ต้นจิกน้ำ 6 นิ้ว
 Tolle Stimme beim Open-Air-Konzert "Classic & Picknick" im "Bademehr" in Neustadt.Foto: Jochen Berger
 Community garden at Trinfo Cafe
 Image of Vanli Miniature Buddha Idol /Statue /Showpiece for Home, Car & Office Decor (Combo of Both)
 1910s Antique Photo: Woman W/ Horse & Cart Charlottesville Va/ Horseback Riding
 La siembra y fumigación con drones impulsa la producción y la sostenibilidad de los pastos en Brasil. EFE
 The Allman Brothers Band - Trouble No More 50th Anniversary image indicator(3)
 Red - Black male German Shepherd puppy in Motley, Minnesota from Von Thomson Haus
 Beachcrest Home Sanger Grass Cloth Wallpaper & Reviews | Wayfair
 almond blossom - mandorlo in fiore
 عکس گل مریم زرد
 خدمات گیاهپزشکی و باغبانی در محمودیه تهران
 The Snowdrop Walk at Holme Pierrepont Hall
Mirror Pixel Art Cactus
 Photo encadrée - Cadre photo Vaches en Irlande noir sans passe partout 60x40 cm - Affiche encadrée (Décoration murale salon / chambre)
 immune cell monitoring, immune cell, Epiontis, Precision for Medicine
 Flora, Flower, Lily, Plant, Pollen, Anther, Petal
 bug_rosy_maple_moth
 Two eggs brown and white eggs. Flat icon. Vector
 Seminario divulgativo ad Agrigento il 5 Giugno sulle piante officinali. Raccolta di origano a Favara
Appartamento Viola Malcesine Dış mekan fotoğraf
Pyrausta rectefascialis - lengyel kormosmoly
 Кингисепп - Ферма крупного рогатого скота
-.-.-
• **Task requirements**
Copy out exactly the line holding "Seminario divulgativo ad" and each line after it through the end of the entries, and leave out everything else.

• **Exercise result**
 Seminario divulgativo ad Agrigento il 5 Giugno sulle piante officinali. Raccolta di origano a Favara
Appartamento Viola Malcesine Dış mekan fotoğraf
Pyrausta rectefascialis - lengyel kormosmoly
 Кингисепп - Ферма крупного рогатого скота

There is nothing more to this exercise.